They eat and breathe soccer in Italy. But they also love basketball — especially the NBA.
That means many Italians are closely following the controversy swirling around the Los Angeles Clippers after a tape emerged of a man, purported to be Clippers owner Donald Sterling, making racist comments. Sterling is accused of telling his girlfriend to stop appearing with black people in social media photos, and not to bring black people, include NBA Hall of Famer Magic Johnson, to basketball games.
The story has particular resonance because of Italy's own problems with sports and racism.
Bananas are often thrown at black players. The top player on Italy's national team, Mario Balotelli, has been a frequent target of such antics.
Massimo Oriani, who covers US sports for La Gazzetta dello Sport, a major sports daily in Milan, met Clippers owner Sterling a couple of years ago. He wasn't impressed.
“Sterling is not the kind of guy you expect to meet in such a position,” he says. “He gives you the impression of what he actually is: a racist.”
Oriani says most people in Europe didn't know Sterling before this weekend. And everyone was shocked by his alleged racist rant. In Italy, Oriani explains, people have an idea of what an NBA owner is supposed to be. That idea was shattered when they heard that this particular owner may have displayed what can only be described as a "plantation-era" mentality.
Oriani says Italian team owners tried to fix the problems of racism, or at least block them, by closing down entire sections of the soccer stadiums where racist chants and antics occurred. But they've never had an owner who makes the situation worse.
“Thank God, there has never been anything like that in Italy,” he says. “We’ve had some stupid owners of basketball and soccer teams, but it’s never come to the point where race got into question.”

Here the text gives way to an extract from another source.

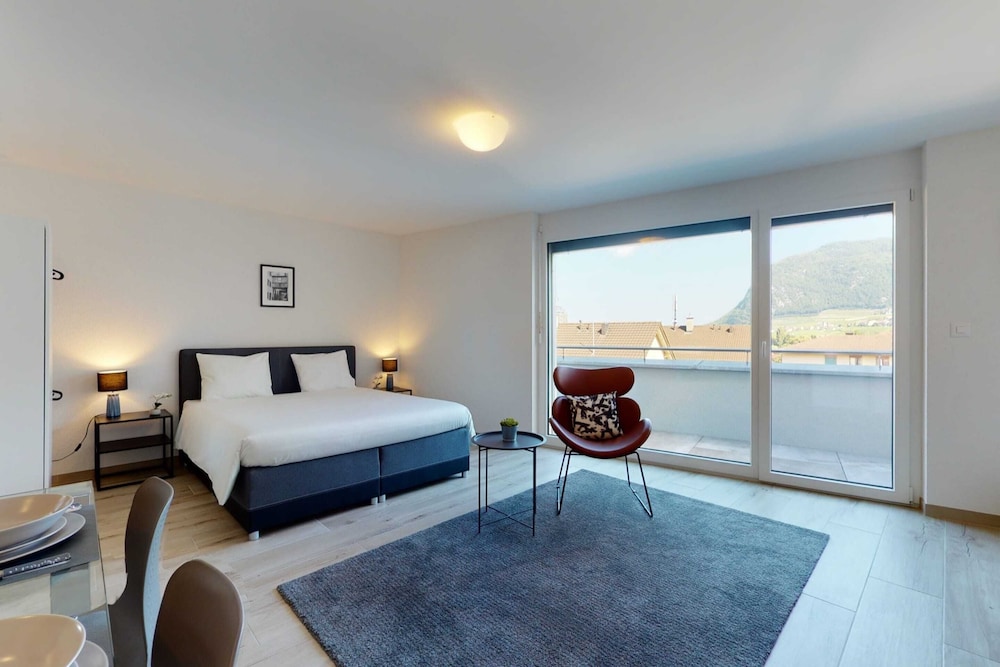 

Roma - Leysin - Nonanteneuf Appart-hôtel - Aigle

The race problem is almost exclusively a soccer thing in Italy, says Oriani. It doesn’t happen at Italian basketball games, though, that's mostly a product of sheer numbers.
“There’s like 50,000 people that are at a soccer game,” he says. “There is the possibility of having more idiots in a soccer stadium that is much bigger than the 5,000 people who attend a basketball game.”
Oriani thinks Sterling's time with the NBA is limited and that he will fall before he damages the sport and its global brand. “I’m pretty sure they will find a way to get him out of there because he doesn’t deserve to be in a position he is in right now. He doesn’t deserve to be the owner of an NBA team.”